Supplied material —
+ + + + +
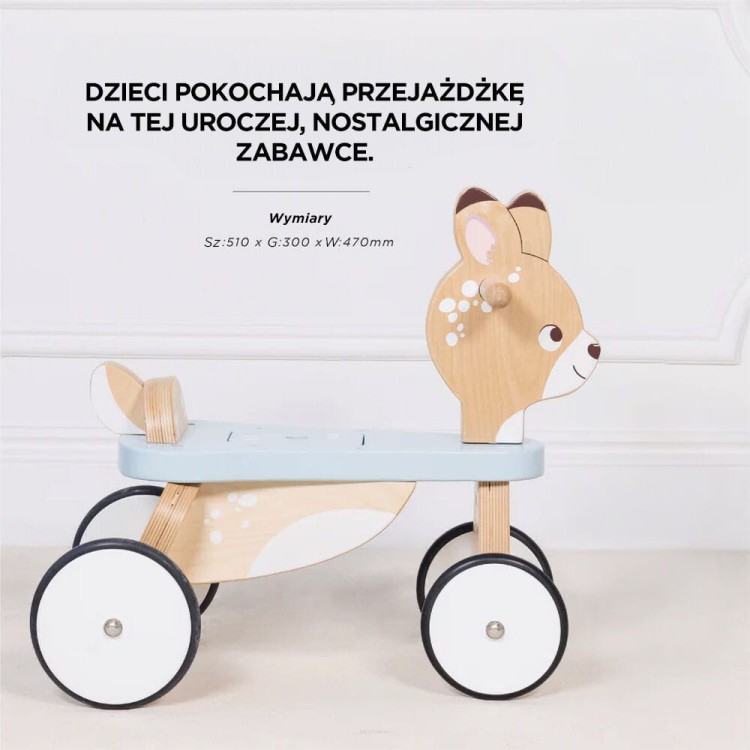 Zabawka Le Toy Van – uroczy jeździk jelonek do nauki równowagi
+ + + + +
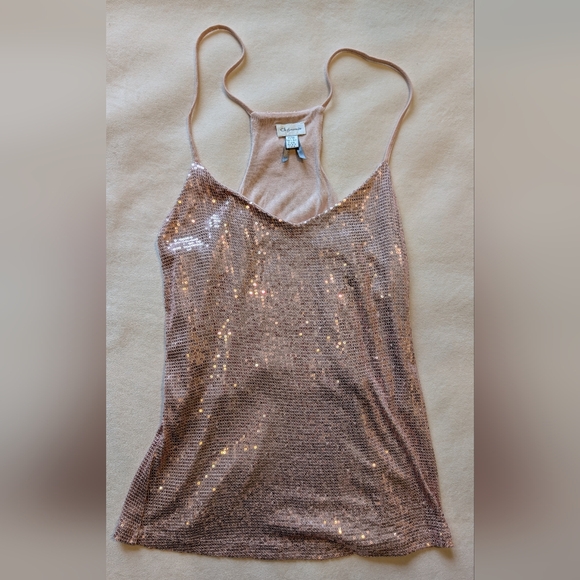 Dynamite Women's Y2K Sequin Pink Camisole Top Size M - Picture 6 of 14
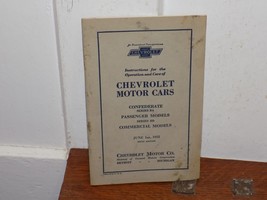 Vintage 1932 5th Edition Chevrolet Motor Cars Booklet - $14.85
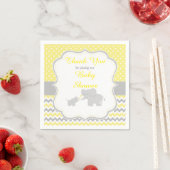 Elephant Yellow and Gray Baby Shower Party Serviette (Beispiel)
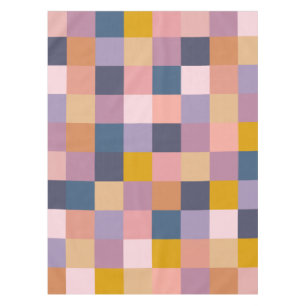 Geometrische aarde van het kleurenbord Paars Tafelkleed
+ + + + +
Exercise requirements — Return the lines above from the one with "Dynamite Women's Y2K" through the one with "Geometrische aarde van", verbatim and nothing else. Omit every picture.

Task solution —
 Dynamite Women's Y2K Sequin Pink Camisole Top Size M - Picture 6 of 14
 Vintage 1932 5th Edition Chevrolet Motor Cars Booklet - $14.85
 Elephant Yellow and Gray Baby Shower Party Serviette (Beispiel)
 Geometrische aarde van het kleurenbord Paars Tafelkleed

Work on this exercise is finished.